Тот тяжело взглянул на него:

— Когда рождается Бог, где-то обязательно умирает человек. Я же сказал тебе, Маккольн, что отказываюсь.

— Идиот! — доисторической рептилией зашипел Дэн. — Кретин голопузый! Отказывается он! Ты ведь не только себя под монастырь подводишь, не только. Не позволю-ю-ю!!!

И внезапно он стремительно бросился на Виктора. Так стремительно, что его тело растворилось в пространстве и зазмеилось по селайту ослепительной ломаной молнией. Облако заволновалось, а Арданьян даже не успел осознать всех этих передвижений. И только Наруддинов каким-то непостижимым образом среагировал, остановив этот молниеносный, в буквальном смысле, бросок.

— Остынь, — бросил он, исчезнув на неуловимое мгновение и сразу же снова возникнув перед Маккольном, не позволяя ему приблизиться к Арданьяну. — Остынь, говорю. Замри, урод!

— Да я!.. Да я… Да мы!.. — размахивал руками Маккольн.

— Не мыкай!.. Не чувствуешь, что ли, что Бержерак Чжана блокировал, а Кондратюк — Ларсена?.. Что Жюль Верн с Циолковским подтягиваются?.. Что…

— Боже! — дрогнули побелевшие губы Русланы. — Так вас там…

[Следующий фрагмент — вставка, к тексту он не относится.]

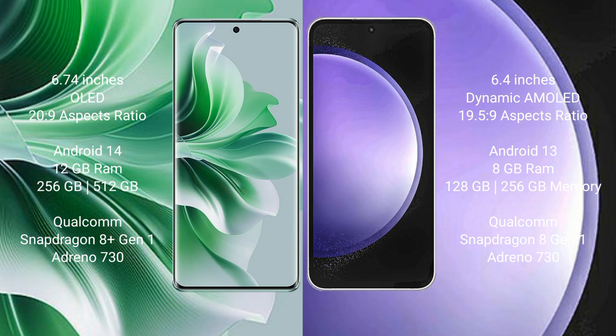Oppo Reno 11 Pro features a Qualcomm Snapdragon processor with Adreno 730 GPU. Samsung Galaxy S23 FE comes with 8GB RAM and 128GB or 256GB internal storage, also powered by a Qualcomm Snapdragon processor with Adreno 730 GPU.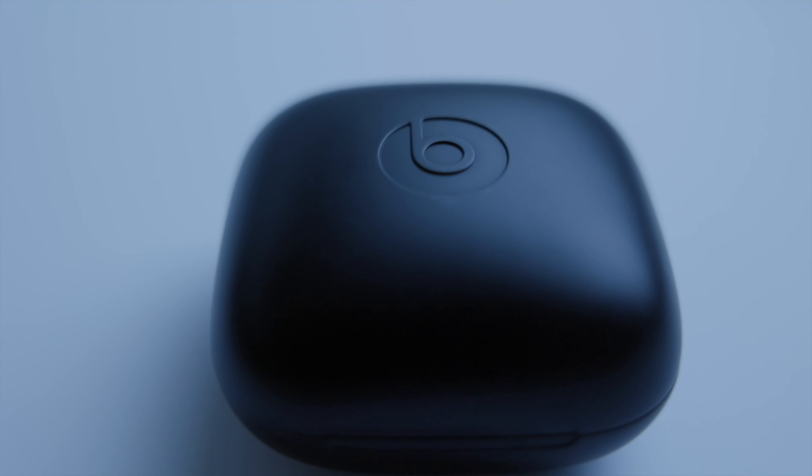Good evening. Tonight we're going to talk about the Powerbeats Pro. I've had them for over a year and I use them almost daily, so let's check out how they are.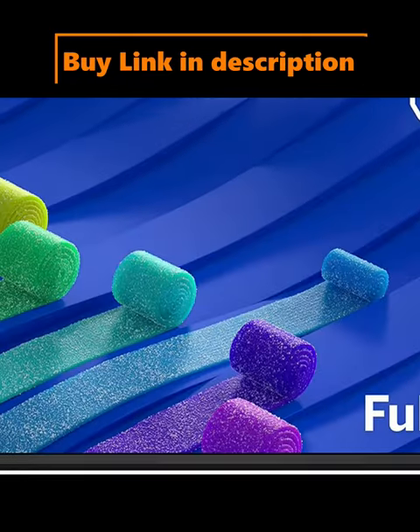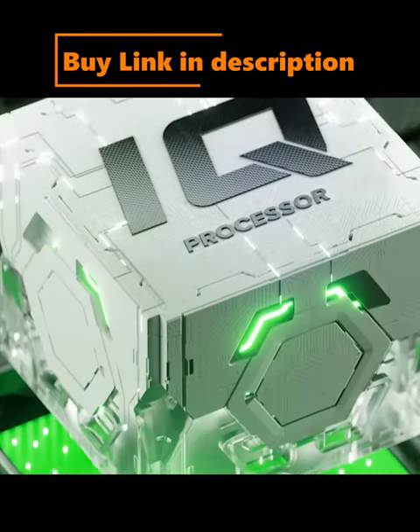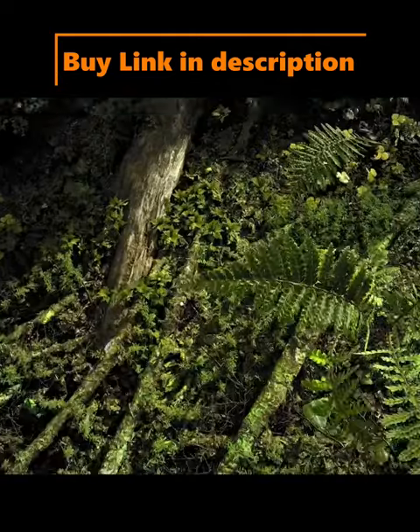IQ Picture Processor delivers superior picture processing, faster navigation, and quicker load times to get to your favorite content faster.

— Много нас, много, — не оборачиваясь и внимательно наблюдая за передвижениями Маккольна, кивнул головой Наруддинов. — В основном, неплохие ребята. Луна нас всех помнит. Всех, кто к ней стремился. Ну, ты!.. — это уже к Маккольну. — Дождешься у меня!

А Маккольн, резко крутнувшись на месте, уже превращался в огненный вихрь, который, расширяя свое движение, протягивал огненные спирали к Арданьяну. Но никак не мог достичь своей цели. Потому что постоянно натыкался на такие же спирали, в которые превращался Наруддинов. Огненные вихри сплелись, втягивая в свое вращение светящееся облако, хлеща молниями по реголиту, в пол-Луны рассыпая искры и пламенные сгустки.

Селайтовое поле приняло синеватый оттенок, отчего лица Барбикен и Арданьяна казались в нем лицами покойников. Электрические разряды рвали пространство. Плазмер неуверенно прыгал в руках Виктора, не зная куда выплеснуть свою огненную злость. У Русланы испуганно дрожали губы. «Бегите! — метался, рассыпающийся на помехи, голос Хастона. — Бегите оттуда, ребятки!.. Ах, черт!.. Что же делать-то?!..»

— Виктор! — кричал Наруддинов, то выплескивая лицо из огненных спиралей, то снова исчезая в них. — Если решил… Разрывай!.. Разрывай связь лайстонов с комплексом. Оставь… Оставь вирусы без энергоподпитки… Заставь… Заставь их вернуться в информационное… В коматозное состояние… Заставь!

— Да, да!.. — выплескивал вслед за Наруддиновым свое лицо и Маккольн. — Оставь!.. Оставь комплекс без подпитки! Через день все загнетесь…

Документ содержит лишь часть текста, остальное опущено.